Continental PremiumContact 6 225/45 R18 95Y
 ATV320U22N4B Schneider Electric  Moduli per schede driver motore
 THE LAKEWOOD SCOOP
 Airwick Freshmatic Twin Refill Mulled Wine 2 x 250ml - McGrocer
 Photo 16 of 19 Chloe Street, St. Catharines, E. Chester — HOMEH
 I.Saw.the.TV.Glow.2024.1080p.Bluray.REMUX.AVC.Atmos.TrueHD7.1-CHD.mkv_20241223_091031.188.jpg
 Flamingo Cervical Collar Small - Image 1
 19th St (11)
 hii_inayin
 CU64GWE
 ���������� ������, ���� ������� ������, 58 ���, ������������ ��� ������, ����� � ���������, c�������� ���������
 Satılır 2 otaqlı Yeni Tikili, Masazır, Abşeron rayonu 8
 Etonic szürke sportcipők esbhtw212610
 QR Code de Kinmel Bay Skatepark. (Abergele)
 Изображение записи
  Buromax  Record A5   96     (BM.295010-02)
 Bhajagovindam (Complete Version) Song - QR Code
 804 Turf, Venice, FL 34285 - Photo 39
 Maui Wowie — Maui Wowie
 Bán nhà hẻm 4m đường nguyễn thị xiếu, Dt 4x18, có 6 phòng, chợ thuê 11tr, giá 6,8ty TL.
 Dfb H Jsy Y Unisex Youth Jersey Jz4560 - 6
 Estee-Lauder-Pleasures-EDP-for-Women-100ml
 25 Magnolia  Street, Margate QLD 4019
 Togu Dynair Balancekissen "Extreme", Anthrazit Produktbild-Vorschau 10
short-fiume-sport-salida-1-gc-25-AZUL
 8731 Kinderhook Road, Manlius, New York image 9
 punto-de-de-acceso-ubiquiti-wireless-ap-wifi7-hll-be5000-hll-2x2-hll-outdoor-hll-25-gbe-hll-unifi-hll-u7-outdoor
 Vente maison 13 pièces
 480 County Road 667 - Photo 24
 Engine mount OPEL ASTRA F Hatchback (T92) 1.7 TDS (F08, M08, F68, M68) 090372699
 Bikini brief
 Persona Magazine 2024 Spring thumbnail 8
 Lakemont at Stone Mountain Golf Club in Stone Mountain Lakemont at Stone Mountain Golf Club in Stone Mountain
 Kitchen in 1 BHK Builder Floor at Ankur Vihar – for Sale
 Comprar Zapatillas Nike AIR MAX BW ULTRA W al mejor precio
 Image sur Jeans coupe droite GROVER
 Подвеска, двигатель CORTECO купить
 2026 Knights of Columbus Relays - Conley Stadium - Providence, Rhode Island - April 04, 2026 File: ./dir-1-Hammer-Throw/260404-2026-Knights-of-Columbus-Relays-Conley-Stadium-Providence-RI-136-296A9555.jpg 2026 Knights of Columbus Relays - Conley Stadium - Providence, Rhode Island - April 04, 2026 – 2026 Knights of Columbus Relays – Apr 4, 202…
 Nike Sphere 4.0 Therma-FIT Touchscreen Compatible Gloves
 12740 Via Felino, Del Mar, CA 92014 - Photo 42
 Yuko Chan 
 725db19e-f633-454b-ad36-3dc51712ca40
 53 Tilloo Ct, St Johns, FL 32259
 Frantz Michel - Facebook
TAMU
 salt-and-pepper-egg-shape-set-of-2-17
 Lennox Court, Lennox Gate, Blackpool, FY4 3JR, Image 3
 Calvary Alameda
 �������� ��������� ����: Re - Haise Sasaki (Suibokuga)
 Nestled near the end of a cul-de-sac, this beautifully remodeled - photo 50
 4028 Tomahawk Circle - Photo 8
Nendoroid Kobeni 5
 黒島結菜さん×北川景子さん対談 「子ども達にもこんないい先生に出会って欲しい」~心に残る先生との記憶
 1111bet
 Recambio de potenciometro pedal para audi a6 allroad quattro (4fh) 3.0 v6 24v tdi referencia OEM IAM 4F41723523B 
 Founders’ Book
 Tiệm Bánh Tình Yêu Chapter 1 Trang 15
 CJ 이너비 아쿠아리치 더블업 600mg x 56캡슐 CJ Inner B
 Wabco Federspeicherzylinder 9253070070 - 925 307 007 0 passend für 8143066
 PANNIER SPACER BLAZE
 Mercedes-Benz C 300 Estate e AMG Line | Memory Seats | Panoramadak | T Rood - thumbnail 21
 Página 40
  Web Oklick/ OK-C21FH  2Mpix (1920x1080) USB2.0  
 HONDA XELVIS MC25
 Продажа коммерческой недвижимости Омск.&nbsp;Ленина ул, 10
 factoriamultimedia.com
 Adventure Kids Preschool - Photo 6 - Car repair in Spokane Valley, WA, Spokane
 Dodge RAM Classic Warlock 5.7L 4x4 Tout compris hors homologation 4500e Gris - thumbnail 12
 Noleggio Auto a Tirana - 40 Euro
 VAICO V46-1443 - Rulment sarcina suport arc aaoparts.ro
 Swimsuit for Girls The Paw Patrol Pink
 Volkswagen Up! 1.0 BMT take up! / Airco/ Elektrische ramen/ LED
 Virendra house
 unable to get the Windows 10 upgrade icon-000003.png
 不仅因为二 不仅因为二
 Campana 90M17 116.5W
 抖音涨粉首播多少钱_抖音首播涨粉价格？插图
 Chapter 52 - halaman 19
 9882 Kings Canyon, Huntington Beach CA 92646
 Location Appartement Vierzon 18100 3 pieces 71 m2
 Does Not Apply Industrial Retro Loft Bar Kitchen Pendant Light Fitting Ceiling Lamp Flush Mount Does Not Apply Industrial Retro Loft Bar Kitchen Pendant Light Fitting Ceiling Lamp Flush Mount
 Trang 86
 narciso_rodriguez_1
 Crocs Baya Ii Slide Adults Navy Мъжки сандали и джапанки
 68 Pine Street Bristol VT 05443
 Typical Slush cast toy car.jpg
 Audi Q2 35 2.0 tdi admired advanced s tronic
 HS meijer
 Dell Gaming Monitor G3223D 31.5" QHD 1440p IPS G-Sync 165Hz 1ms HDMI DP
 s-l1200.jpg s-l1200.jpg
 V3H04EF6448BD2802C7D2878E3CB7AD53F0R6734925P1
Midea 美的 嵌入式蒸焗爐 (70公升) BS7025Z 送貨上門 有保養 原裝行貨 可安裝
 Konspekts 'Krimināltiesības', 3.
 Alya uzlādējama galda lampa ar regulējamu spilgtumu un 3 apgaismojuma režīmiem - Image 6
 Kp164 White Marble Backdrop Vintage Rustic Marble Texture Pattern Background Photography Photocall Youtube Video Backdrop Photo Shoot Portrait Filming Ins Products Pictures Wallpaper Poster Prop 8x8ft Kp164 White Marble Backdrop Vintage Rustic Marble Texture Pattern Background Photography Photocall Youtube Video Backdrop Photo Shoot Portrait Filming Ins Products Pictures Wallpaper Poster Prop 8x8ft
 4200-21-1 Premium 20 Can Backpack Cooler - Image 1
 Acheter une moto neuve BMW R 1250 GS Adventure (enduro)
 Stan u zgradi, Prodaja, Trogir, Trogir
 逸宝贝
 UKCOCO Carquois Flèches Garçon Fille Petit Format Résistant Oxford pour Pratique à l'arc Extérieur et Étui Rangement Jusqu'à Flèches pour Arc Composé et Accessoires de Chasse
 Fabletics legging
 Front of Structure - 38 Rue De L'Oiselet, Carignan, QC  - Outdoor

○ ○ ○ ○ ○

--- Work instruction ---
Within the listing, count the lines that contain the word "Nike", and give the count by itself.

--- Solution below ---
2